Well, I'm no junkie... and the only other time you mentioned was in dreams... but I'm awake and alert whenever I see these things.


----------



## intrasearching (Jul 15, 2011)

Well, I have auditory hallucinations when I am very tired. Granted, it's nowhere near the intensity as you're experience, but we can hallucinate while still being technically "sane." All I'm saying is that it's infinitely more likely that this is a product of your mind, rather than bona fide creatures outside your existence.


----------



## TheCuttlefish (Sep 8, 2011)

Spirit said:


> Well, I have auditory hallucinations when I am very tired. Granted, it's nowhere near the intensity as you're experience, but we can hallucinate while still being technically "sane." All I'm saying is that it's infinitely more likely that this is a product of your mind, rather than bona fide creatures outside your existence.
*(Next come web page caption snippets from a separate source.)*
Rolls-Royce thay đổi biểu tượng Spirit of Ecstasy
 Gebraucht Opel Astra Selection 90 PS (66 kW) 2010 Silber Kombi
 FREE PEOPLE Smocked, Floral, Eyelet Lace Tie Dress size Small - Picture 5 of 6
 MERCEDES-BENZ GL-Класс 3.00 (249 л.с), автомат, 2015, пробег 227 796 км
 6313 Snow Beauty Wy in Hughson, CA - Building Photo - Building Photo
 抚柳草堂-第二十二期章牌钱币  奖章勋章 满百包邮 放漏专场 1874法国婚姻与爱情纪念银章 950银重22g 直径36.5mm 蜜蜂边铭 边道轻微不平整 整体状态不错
Well I hope so. I'd have no idea what the hell I'd do if there were something else in my house.
But I'm worried about the fact that my dog is reacting too.


----------



## Sovereign (Aug 19, 2011)

Your dog could just be be reacting to your emotions instead of some shadow creature. However, the opposite is a possibility.

Those of us who are logical tend to downplay the probability that this could be "supernatural" (although I loathe to use that word in this context). There are SO many things that we do not yet understand. Some would stick head in sand and ignore the possibilities, but I don't. Phenomena like this could be completely natural and scientifically explainable; we just haven't got there yet.

My advice: Move. That should solve it. Failing that, gather information about it. Perhaps attempt communication. If it's indeed ethereal, you should be fine.


----------



## TheCuttlefish (Sep 8, 2011)

Sovereign said:


> Your dog could just be be reacting to your emotions instead of some shadow creature. However, the opposite is a possibility.
> 
> Those of us who are logical tend to downplay the probability that this could be "supernatural" (although I loathe to use that word in this context). There are SO many things that we do not yet understand. Some would stick head in sand and ignore the possibilities, but I don't. Phenomena like this could be completely natural and scientifically explainable; we just haven't got there yet.
> 
> My advice: Move. That should solve it. Failing that, gather information about it. Perhaps attempt communication. If it's indeed ethereal, you should be fine.


Actually, I was thinking of leaving anyway. Something's been really off with my whole family and I'm fed up with the BS that's been going on in my life.


----------